There are already some other Jewish-themed emojis in use online and in various messaging platforms: A synagogue, two stars of David and an Israeli flag.
There are also several emojis that while not specifically Jewish could represent Jewish study. There are book emojis, for example, and there is a scroll emoji, but it looks more like a rolled up diploma.
“The Torah is a very specific-looking object,” Kress said. That is what makes it a perfect candidate for an attempt to get a new emoji approved.
For a first try, the process can take about a year. Some emojis have been proposed more than once before getting accepted.
The non-profit Unicode Consortium is the organization that approves new emojis. The organization’s main function is to develop a universal character encoding scheme, allowing people around the world to use computers in any language. But it is more commonly known for selecting the emoji icons used by the world’s smartphones based on submissions from individuals and organizations who present their case with evidence for why each one is essential.
Late last month, the Conference of European Rabbis called on the consortium to add new emojis to represent Jews — namely, a man wearing a kippah and a woman wearing a head covering.
“There are emojis of women in the hijab and Arab clerics, and the Jews have been forgotten,” the statement from the Conference of European Rabbis read.
Kress said she thinks a Torah scroll would be a more inclusive than an image of a person — since Jewish people come in all colors and all kinds of traditions. The rabbis conference has not indicated whether it has actually designed an emoji for submission to the consortium.

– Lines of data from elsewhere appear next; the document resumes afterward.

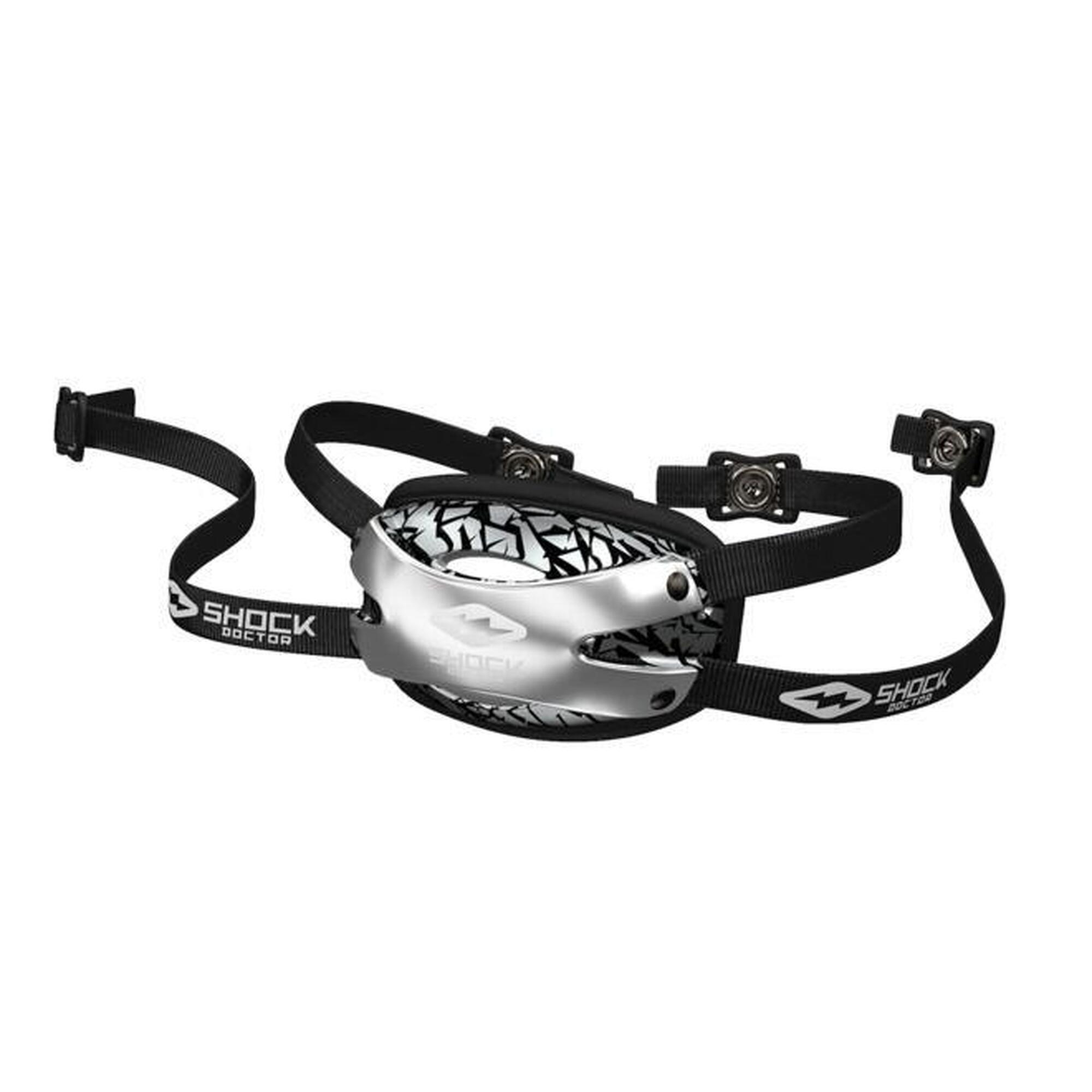 Shock Doctor ULTRA BRACES tooth protectors | efloorball.net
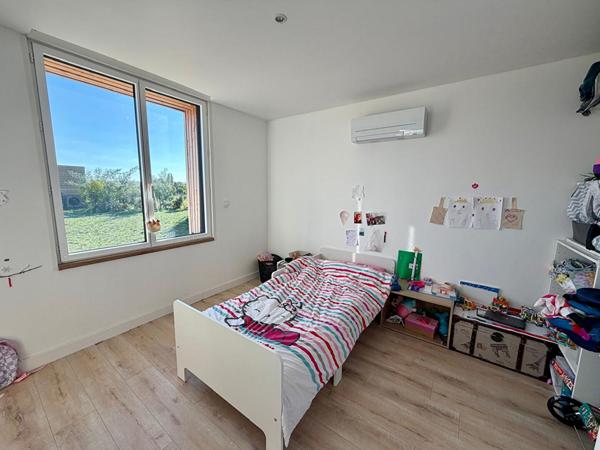 Maison 6 pièces Les Garennes Sur Loire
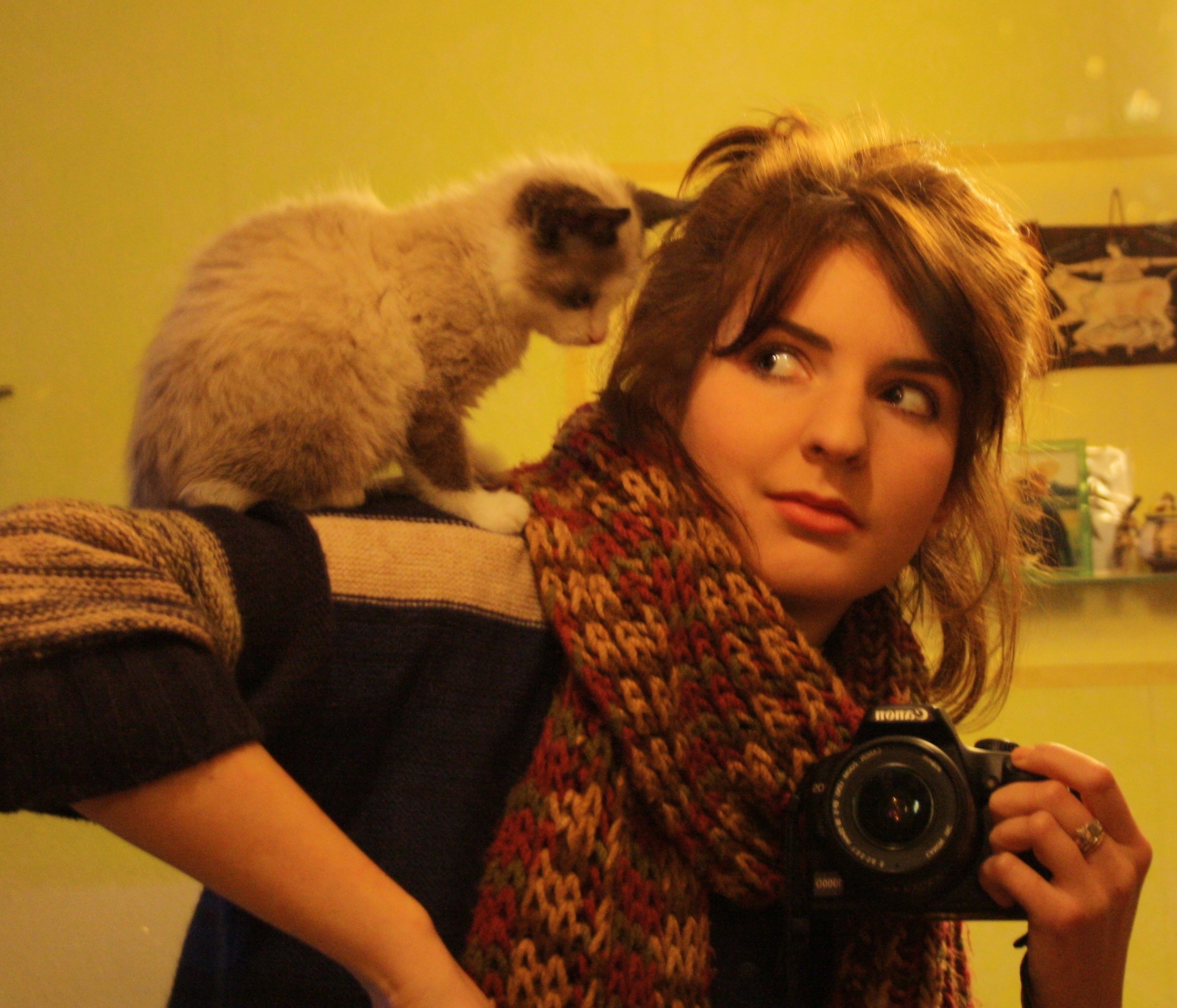 Фото профиля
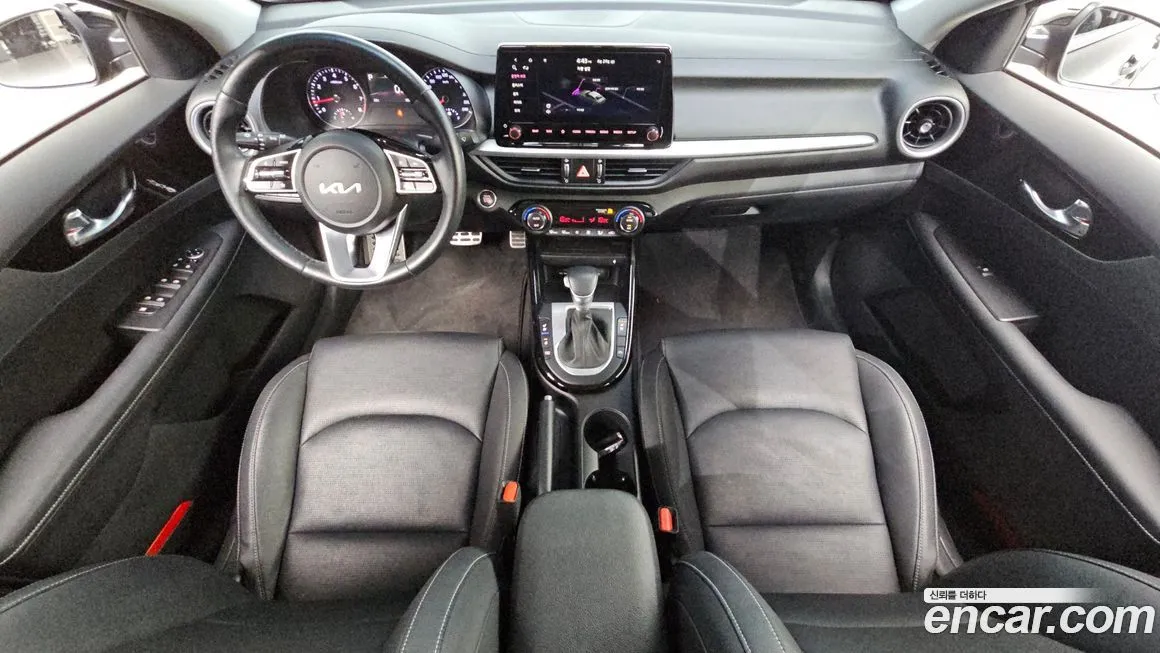 Kia K3 2024 из KR, фото 9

“It’s about inclusion,” Kress said. “It is about creating a digital place for us.”
Sefaria started several months ago by commissioning several designs from graphic artists that it has worked with. The staff narrowed the choices down to four images and posted them on their social media pages to allow the public to vote. The four have been narrowed down to two. The Sephardic Torah scroll did not make the cut.
The two remaining images are pretty traditional. One depicts a Torah scroll open to roughly the middle, the other a closed scroll wrapped in a blue cover with a star of David on its front.
Thousands have voted for their favorite potential emoji across Sefaria’s social media platforms. A winner is set to be announced Friday, just in time for Shavuot.
Kress says there have been some negative comments, ranging from “Why do you even need this?” to comments she calls “somewhat anti-Semitic.” But that will not stop her from pressing forward.
“It is definitely time that we have a voice and a place,” she said of Jewish emoji users of all ages.
There are currently more than 2,800 approved emojis, and some 230 new emojis were approved in February 2019. The consortium is already processing proposals for 2020 — proposals for new emoji characters must be submitted before March 31 of each year to be considered for inclusion in the Unicode Standard for the following year.
One day, Kress hopes young people will text each other the message “Hey, let’s get together to study” and end the sentence with a Torah emoji.